WHAT TO WORK ON:
Find the "Professional manikins for" line in the records below and repeat it and every later line exactly, up to the last; do not include pictures.

--- EXCERPTED RECORDS Enclosed Below ---

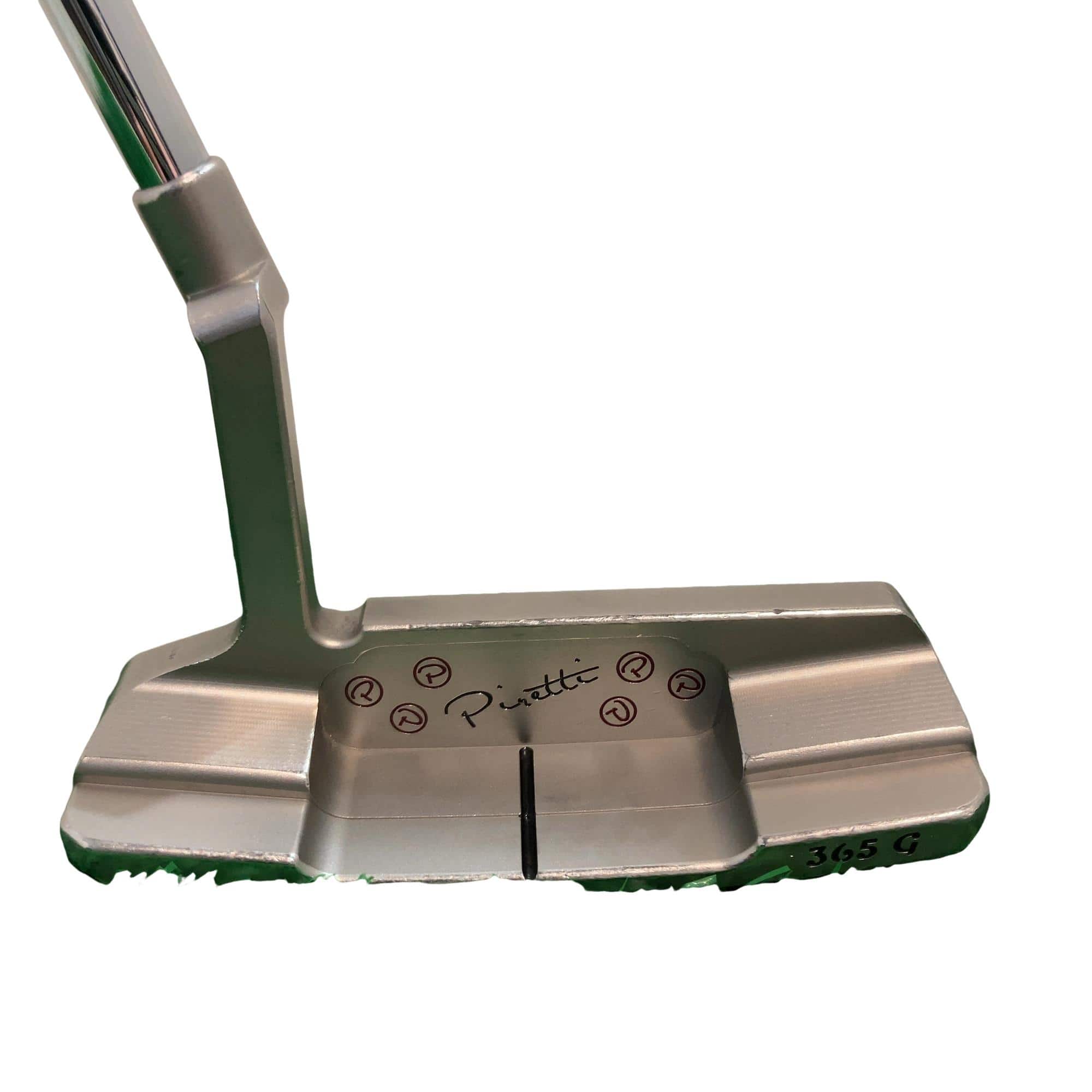 oqdlhdq@rdqhdr@bnssnm@vnnc@hhiRUTfj@RSC`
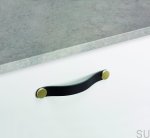 0404_FLEXA-03.jpg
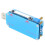 USB-Spannungsmodul 5-12V auf 0,5-30V, 2A/15W 2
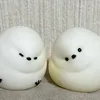 Someone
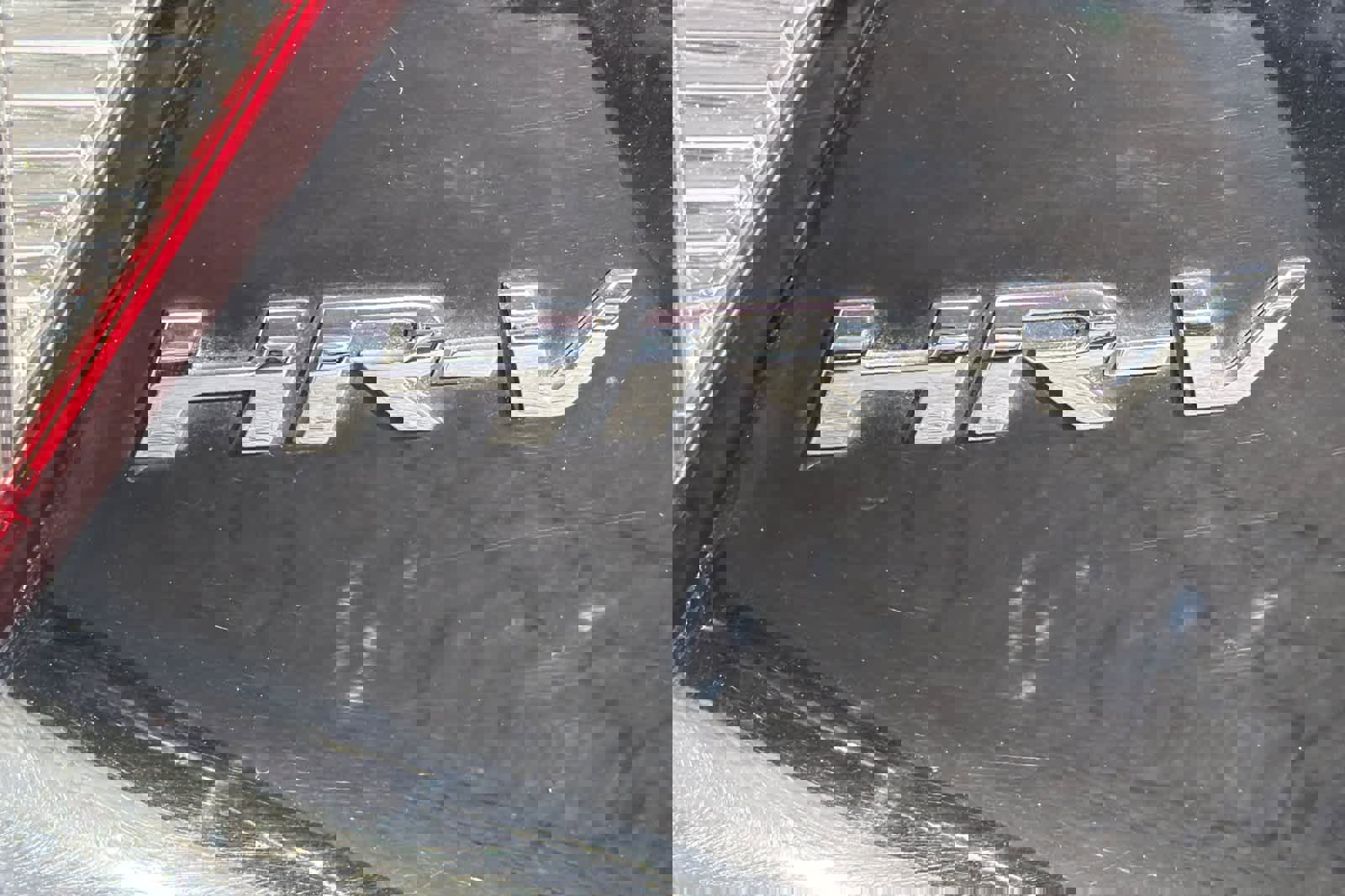 Certified 2022 Honda HR-V EX image 12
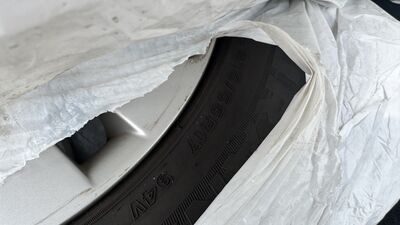 Nissan Juke Gebrauchtwagen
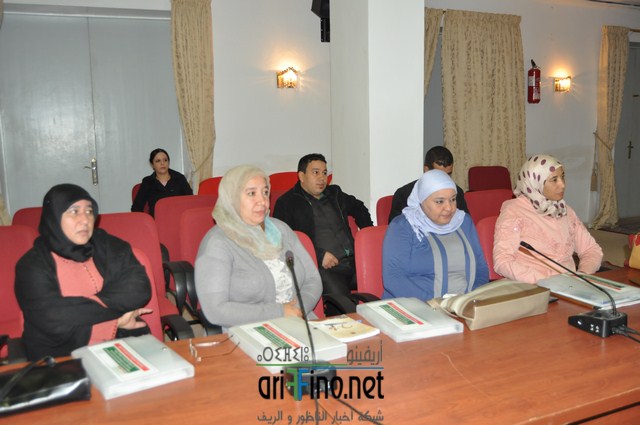 dsc_1496-copier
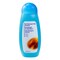Carrefour Shower Gel Shampoo Douche Cedar 300ml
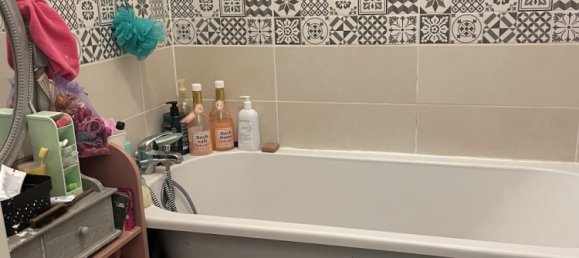 3 Schlafzimmer Stadthaus in Le Cateau-Cambresis, France, Nr. 38510 28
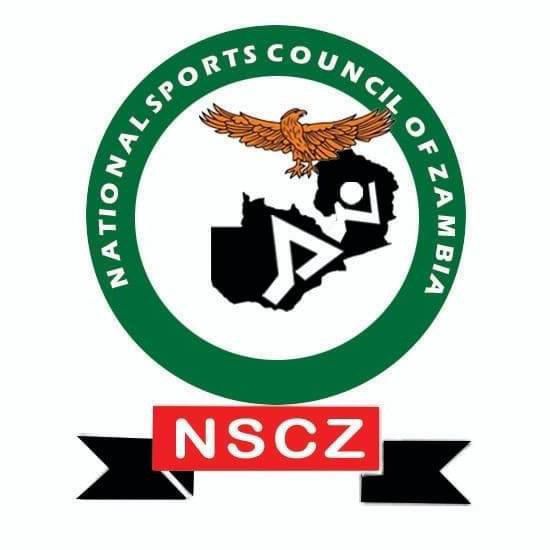MuzalaSamukonga's tweet photo. CLARIFICATION ON UNPAID ALLOWANCE AND CONCERNS ABOUT THE POOR MANAGEMENT AND SPORTS ADMINISTRATION OF ZAMBIA.

I would like to take this opportunity to address some important issues regarding recent press statements made by the Ministry of Sports Mr Elvis Nkandu and the overall sports Ministry.

First and foremost, it has come to my attention and many other sports individual that the Ministry of Sports recently announced that all sports men and women have received their allowances and the only dues that are pending are for the winning bonuses,this was also addressed by some social media influencers .I must clarify that, contrary to this statement,we have not received any such payment. This situation is concerning, as these allowances are crucial for sports men and women to cover their training expenses as almost every individual provides with themselves transport for training, and day-to-day living costs of which most of the sports personnel have families that they do take care of The lack of financial support directly impacts our ability to perform at our best and represent Zambia with honor and dedication on the global stage. The statement made on 23rd August 2024 is void as athletes have not received allowances from the Paris24 Olympic.

Furthermore, as sports and women we would like to express my deep concerns regarding the current state of sports management in Zambia. It is increasingly evident that there is a significant lack of individuals with a proper background in sports within the countries sports administration. This has led to numerous challenges, including inefficient resource allocation, inadequate support for athletes, and a general lack of strategic vision for the future of sports in our country.

Sports management should be driven by individuals who have firsthand experience and a deep understanding of the unique demands faced by sports men and women. Unfortunately, not to look down on them but, the  administration seems to lack this essential expertise, resulting in decisions that do not align with the needs of  or the development of sports in Zambia. This mismanagement is detrimental not only to the sport's Men and women but also to the country’s potential to excel in international competitions and bring back home results as expected by citizens. 

We urge the government of Zambia to address these concerns with urgency. It is crucial to involve professionals who have a genuine understanding of sports and are committed to fostering an environment that supports and enhances the performance of sports men and women. By doing so, we can ensure that sports men and women are adequately supported and that Zambia can achieve greater success in sports but if ignored the dream of that child who looks forward to putting the country in the world of sport will be killed.

As sports men and women we remain committed to representing Zambia to the best of our abilities and hope that the necessary steps will be taken to improve the management and support of sports in our country.

Muzala Samukonga 
Sports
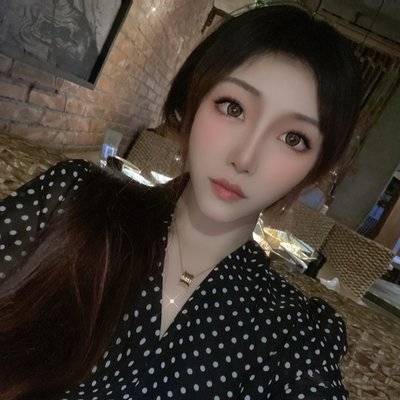 孕照模特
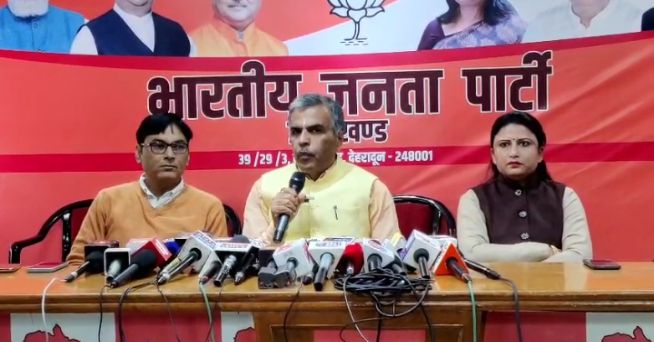 IMG-20241118-WA0274-compressed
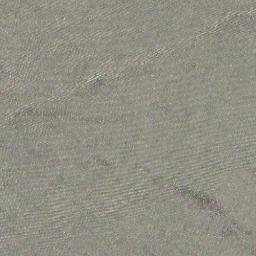 Satellite imagery of Ristiniemi, FI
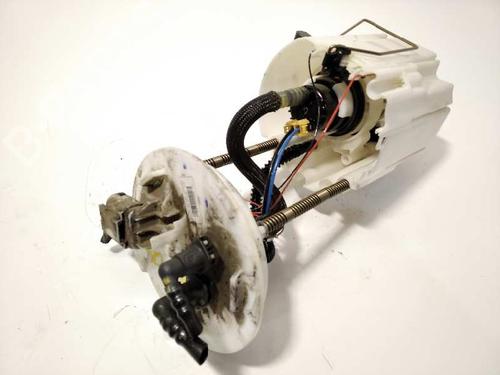 Used Fuel pump CHEVROLET CRUZE (J300) [2009-2025]  4824065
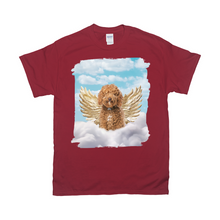 Load image into Gallery viewer, Apparel-DTG-Tshirt-Gildan-2000-4XL-CardinalRed-Mens-CF-2025020221534940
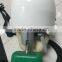 Professional manikins for sale dental simulation senior II
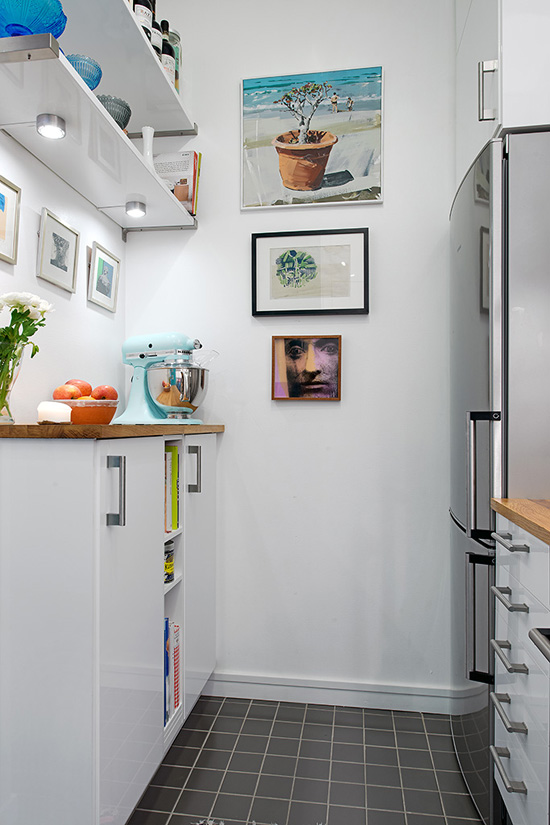 �觤͹ⴺ���ҡ��ʺ��� ��ⷹ�����º �� ��� ��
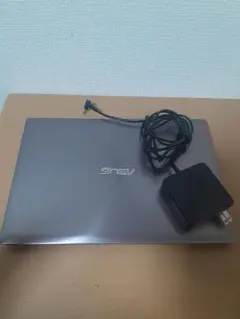ASUS UX303U ノートパソコン CORE I5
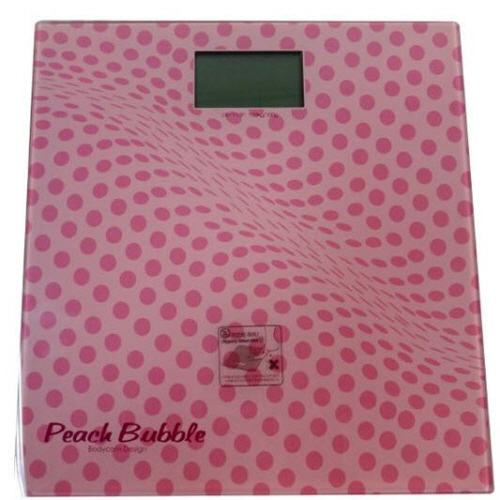 SAMPLE PRODUCT3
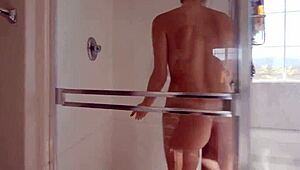 Step Sis Surprised by Unexpected Situation Season 8 Episode 5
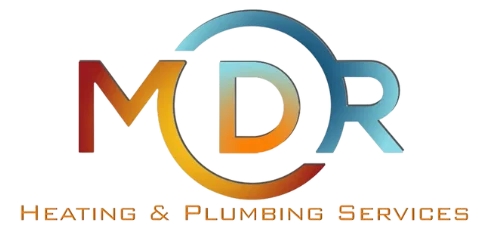 heating-engineers-in-basingstoke-mdr-heating-plumbing-logo-e1709043092261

--- End of Enclosed EXCERPTED RECORDS ---

WRITTEN SOLUTION:
 Professional manikins for sale dental simulation senior II
 �觤͹ⴺ���ҡ��ʺ��� ��ⷹ�����º �� ��� ��
ASUS UX303U ノートパソコン CORE I5
 SAMPLE PRODUCT3
 Step Sis Surprised by Unexpected Situation Season 8 Episode 5
 heating-engineers-in-basingstoke-mdr-heating-plumbing-logo-e1709043092261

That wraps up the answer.